What lens do you bring to AI commercialization based on your previous experience?
The perspective I often bring to my work is that there are common things that make you successful when communicating what a product does and designing a product that is user-centric – whether it’s for a clinician in a hospital, a patient in a hospital or someone in a very different industry.
Sometimes the key users and the key influencers – or decision-makers – are different. It’s important to think about both and make sure you’re clearly communicating to both.
As an example, the Emergency Department forecasting tool – for the user you want it to be accurate, timely and to help them make decisions on the ground. For the person deciding to bring it in – you want to show them how it helps them to allocate their resources and meet or improve the quality indicators they measure and report on.
What is one of the key strategies you are going to apply from your previous experience?
Well, a lot of it is building on what the DSAA program and Unity Health already does very well – creating applied AI solutions that solve real-world problems.
Something that I’m going to try to do is bring an outside-in orientation to development. So, as we’re creating products for clinicians at Unity Health, it’s also an opportunity for us to think about who the similar customers might be at other hospitals. It doesn’t change what the team is doing, but it helps us think through the key universal problems that every hospital is going to want to solve.
What are your initial impressions of Unity Health?
One of the things that I love is how oriented everyone at Unity Health is around a common purpose. The patient outcomes piece is always number one. That patient-first mentality is a huge part of this culture.

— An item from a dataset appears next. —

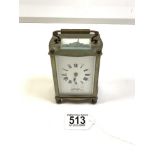 BRASS CARRIAGE CLOCK OF SERPENTINE OUTLINE WITH WHITE ENAMEL DIAL - WARREN OF EASTBOURNE MADE IN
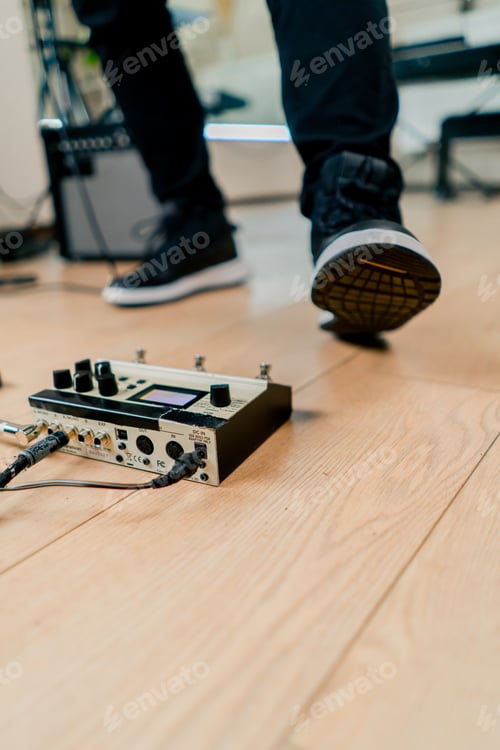 Preview: musician's male foot pressing bass drum pedal or bass electric guitar in recording studio close-up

Secondly, and maybe this is the research background, when we say that we are delivering impact we mean it and we can back it up with data.
What is your biggest hope for AI commercialization at Unity Health in the next year?
I hope we’ve found one or two priority AI solutions and we’ve gone to market with them and are already starting to learn from that experience. By doing this, we will also accomplish our goal to increase the reach and the positive impact that our solutions are making on patient outcomes and hospital operations.
I also want to increase that outside-in orientation within our internal model for developing new products – not to change what we would prioritize – but to make it an easier lift when we think about scaling it across hospitals.
And where would you like to see AI commercialization at Unity Health in five years?
The vision is for Unity Health to be synonymous with global digital health leadership. We will be known for improving the hospital experience for both patients and providers with our solutions.
We will be able to reference a number of highly successful ventures that have come out of the DSAA program. It will be seen as a place where employees can work on groundbreaking ideas and collaborate with other leaders in the space.
It’s bold but from everything I’ve seen so far we have a good foundation to achieve this goal and I’m excited for it.